The Byzantium Empire is also the reason why Europe developed a Christian identity and did not become Muslim. Arab mercenaries were employed by Rome for centuries to protect its border against Parthians (Persians). But Mohammed united them in the 7th century. His successor routed the Imperial Army at Yarmouk (close to the Sea of Galilea) in 636 AD and conquered the Levante, Egypt and North Africa with lightning speed. After Yarmouk there was no Byzantine Army left. The Empire with its heavy taxes and continued harassment of local churches was deeply unpopular. No locals raised a finger in its defense. Had it not been for the Taurus mountains in Anatolia , the Arab cavalry could have taken Constantinople.


An Arab Fleet took over the Cyzicus Peninsula in 674 to launch its Attack on Constantinople


Despite the Arab conquest, people living in the Levant and Egypt stayed Christian for centuries. They now had new lords but not much else changed. But over time, most except a minority converted. Christians had to pay a special tax for non-believers. Islam and Christianity, both monotheist religions with the same God, were not as far apart as we believe today. They preached a similar, modest life styles. We need to look no further than women’s dress code in 700 AD. Both prescribe head scarves and ankle long dresses.

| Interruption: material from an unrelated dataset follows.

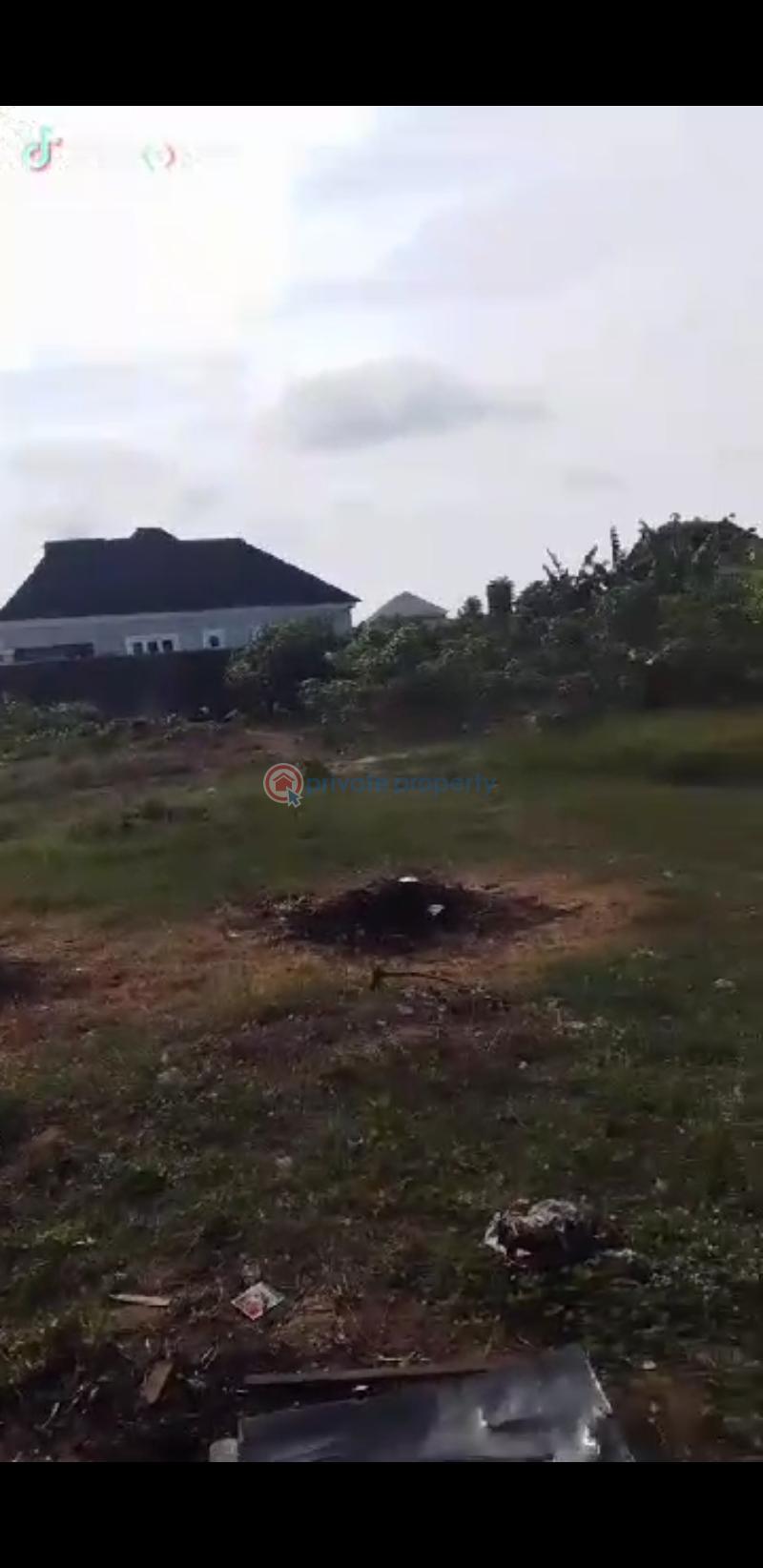 Mixed use Land For Sale Oribanwa, Ibeju Lekki, Lagos Oribanwa Ibeju-Lekki Lagos - 1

The Byzantine forces used Greek Fire, a form of Napalm, which could not be extinguished with water to set the Arab Fleet on Fire


Having consolidated their conquests, the Caliphs launched twice, in 674 and 717, a massive land and seaborn attack on Byzantium, their only true rival. With many Christian sailors and soldiers in their ranks, they reached and besieged Constantinople. But Greek fire (a type of Napalm) saved the day for Byzantium. The Arab fleet was burnt and the attackers defeated. It was a close run though. Had the Caliphs been victorious, nothing could have stopped the spread of the Muslim forces further west and north into mainland Europe. The Holy Roman Empire of German Nations which Charlemagne created in 800 AD did not exist yet. Under Charles Martel, the Franks were able to beat back a Muslim Army of 20’000 at Poitiers in 732 AD. But this was not a coordinated attack by the Caliphs.

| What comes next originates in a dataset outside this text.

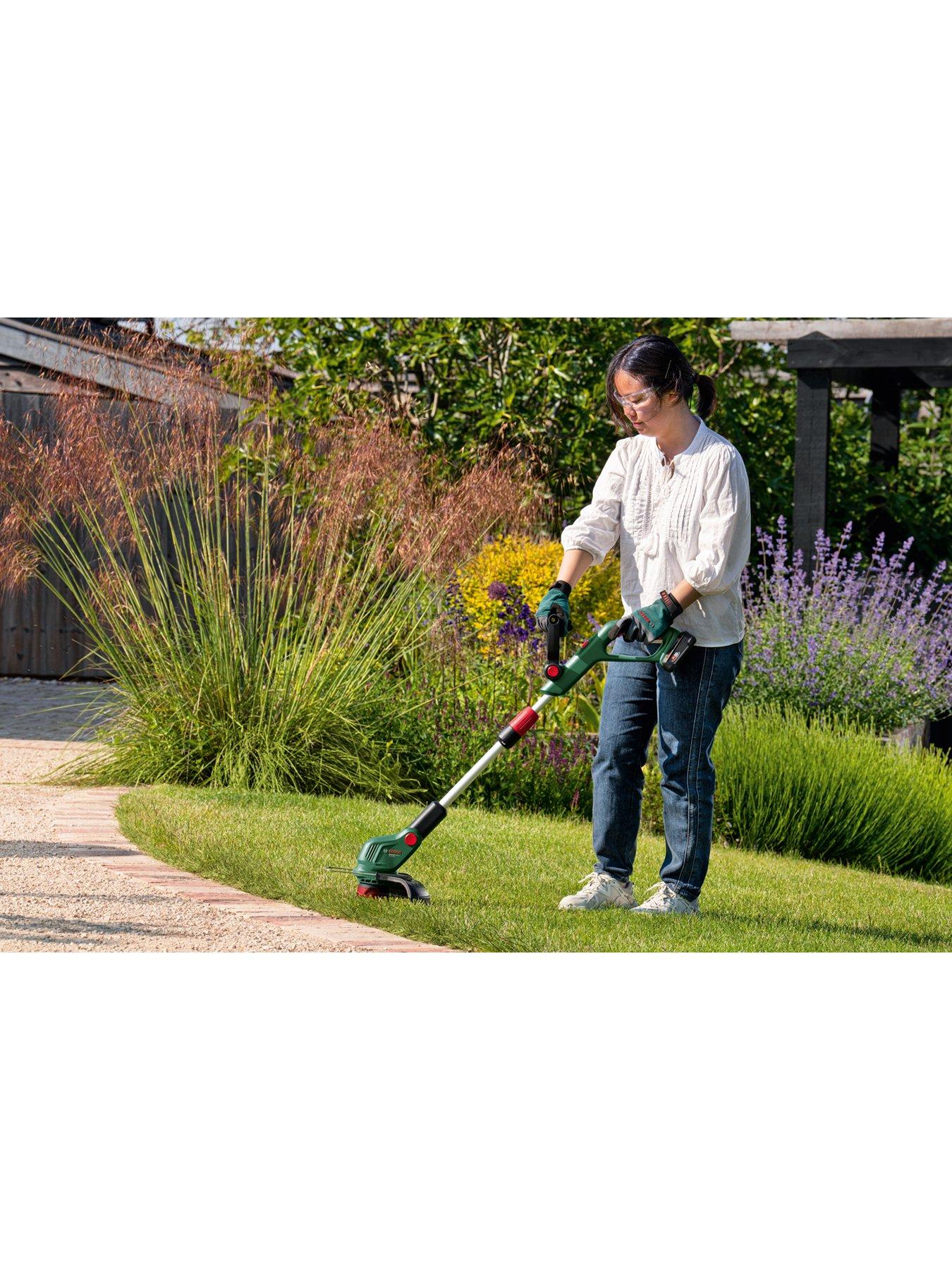 Image 4 of 7 of Bosch UniversalGrassCut 18V-26-500 (1x2.0Ah)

Arab Campaigns in the late 7th and early 8th Century against Byzantium - It was a close thing - the coloured zones show which areas would have been first taken over. by the Caliphate.


Wonder how Muslim Europe would have developed over the centuries. The Caliphate in Baghdad was the most sophisticated society at the time. Culturally open and religiously tolerant, it contributed significantly to our modern world, be it in agriculture, science or manufacturing. Under Muslim rule, Europe may not have descended into the “dark” middle ages and become a unified polity. The fractured nature of Europe though was the base of our renaissance. Without the relentless competition between dozens of mini states, the renaissance would not have happened, the age of exploration never started and the industrial revolution never taken off. But this is speculation. We will never know.


Am running out of space today - less than half the topics are even covered. The four horses on San Marco Square, the origins of clerical dresses, the concept of armored knights, what cupolas have to do with Constantinople, the Cyrillic script and the Russian flag will have to wait for another time. Byzantium’s legacy is everywhere. It is just so present that we hardly notice it.